Popular Culture

#SaveMarinaJoyce and the Fickle Nature of 'Compassionate' Meddlers

The wages of collective compassion



This week many fans of YouTuber Marina Joyce, who posts videos on her channel about make-up and fashion tips, decided she must be in danger. Joyce didn't say so, and even told fans multiple times she was not in danger, but internet users, as internet users are wont to do, began to pull details from her recent videos to concoct a theory about Joyce being abused or kidnapped, possibly even by ISIS for use as a lure in an upcoming terrorist attack. There were so many calls to local police (Joyce lives in England) that they went to her house to check on her and tweeted that she was fine.

Eventually, Joyce's mother revealed she was suffering from schizophrenia. Joyce herself had repeatedly expressed surprise at people's concerns, and in a livestream described it as a "publicity stunt started by my viewers, not me." So the online mob that formed to dish out some collective "compassion" turned on her. The quote was passed around Twitter and the internet with the "by my viewers" part cut out. People who had spent days reading about Joyce and trying to "figure out" what happened were now angry, not with themselves for wasting time and bothering a stranger they might like to watch on YouTube based on their interpretations of her life, but with Joyce.

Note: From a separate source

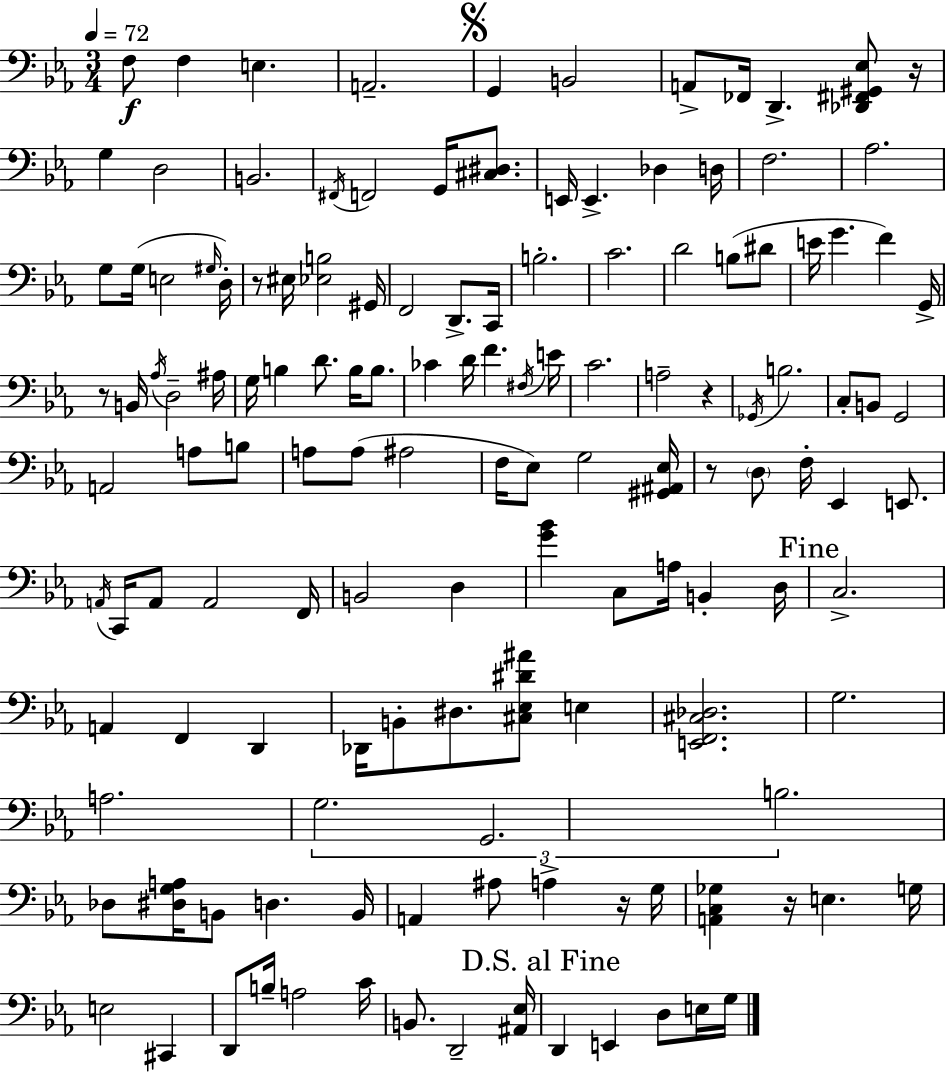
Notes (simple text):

A Twitter search of the #SaveMarinaJoyce hashtag will find some sympathetic comments, and a lot of folks with no connection to Joyce except possibly subscribing to her YouTube channel or following her on Twitter (both of which they are always free to stop doing) expressing anger that Joyce wasn't clearer about not having been kidnapped or held hostage. How much clearer could she be?

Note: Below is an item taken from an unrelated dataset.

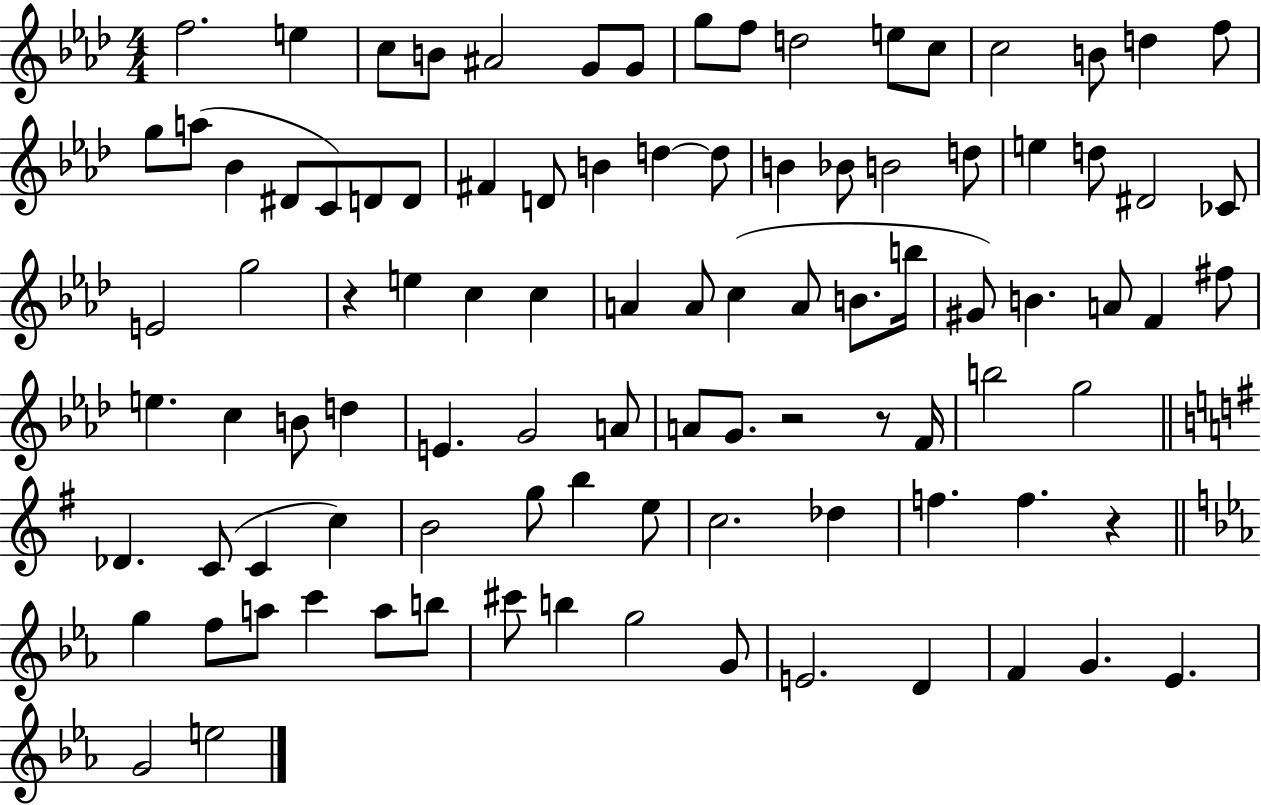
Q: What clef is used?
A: treble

The story of #SaveMarinaJoyce, which started less than a week ago, is illustrative of the same emotional inputs involved in bad policies pushed in the name of helping someone or something, from the drug war to the effort to "rescue" sex workers to "humanitarian" interventions like the one in Libya. They begin under the guise of compassion, and when it turns out a lot of people aren't necessarily interested in the kind of "compassion" that comes with coercion, the boot comes down. The widely reviled 1994 crime bill, which contributed to rising incarceration rates, is still defended under the premise lawmakers had to do something to "help" with crime. Hillary Clinton eventually started to blame an "obstructionist" Libyan government for the aftermath of the U.S.-backed intervention. The changing mob reaction captured in #SaveMarinaJoyce is as good an example of any why "I'm from the government and I'm here to help" can be such a dangerous phrase. Government is just a word for the meddling we want to do together.